We have never employed a procedure-specific checklist justifying other gynecologic surgeries, such as a vaginal hysterectomy or tubal ligation. However, we are living in a different and more demanding society that has led us to alter how we approach the informed consent process, particularly in regard to polypropylene mesh in vaginal surgery. This will require spending more time during the surgical consent process to be certain that all risks, options, and outcomes are covered and patients understood the information provided. It could be argued that one downside to employing an informed consent checklist is that we appear to be defensive and trying to justify performing the current gold standard procedure for correcting SUI. Instead of using it as a means of trying to avoid/reduce the risk of lawsuits, we should use it to promote an open discussion with our patients about risks and benefits of the midurethral sling.

Finally, we provide the following suggestions as to how we can continue in the current situation:

First, clinicians should continue to have an open and frank informed consent discussion with their patients. We must be sure that clinicians around the world routinely use patient handouts that describe how midurethral slings work, their risks and benefits, and the possible alternatives. If a clinician decides to use a checklist, it should be done under the guise of promoting further patient discussions and not as a defensive strategy to avoid potential litigation. If patients question the use of a checklist, we should have a frank and open discussion about how outside medicolegal pressures are forcing our hand, but that it is only a means to ensure that we have discussed all current concerns that outside sources are introducing into our discussion.

In addition, there should be a public awareness campaign about how midurethral slings are considered the gold standard, as they have fewer complications and similar efficacy with better long-term results than any other continence procedure currently available.

Finally, as recommended by the FDA [1, 2], National Institute for Health and Care Excellence (NICE) (https://​www.​nice.​org.​uk/​guidance/​cg171), and more recently supported by Science Committee on Emerging and Newly Identified Health Risks (SCENIHR) [7], we should ensure that only experienced and skilled surgeons implant permanent midurethral slings and manage complications related to them.
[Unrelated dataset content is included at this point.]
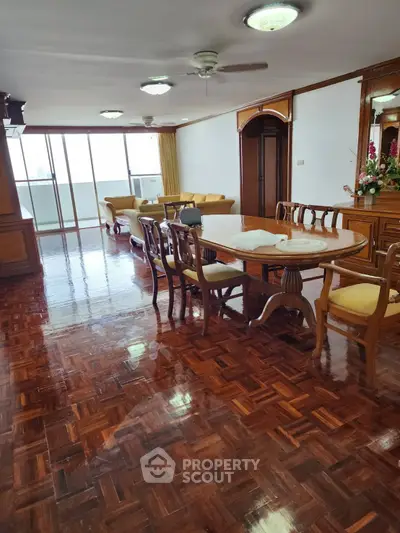 Spacious living room with elegant wooden flooring and dining area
Physicians should be considered as competent if they manage to demonstrate that:

Ideally, women should be able to access public records, audit data, and registries of national and international professional scientific societies to better understand the published success, failure, improvement, and complication rates associated with midurethral slings. Information leaflets covering the background, alternative treatments, and issues about the surgery should be given to and discussed and reviewed with the woman prior to surgery.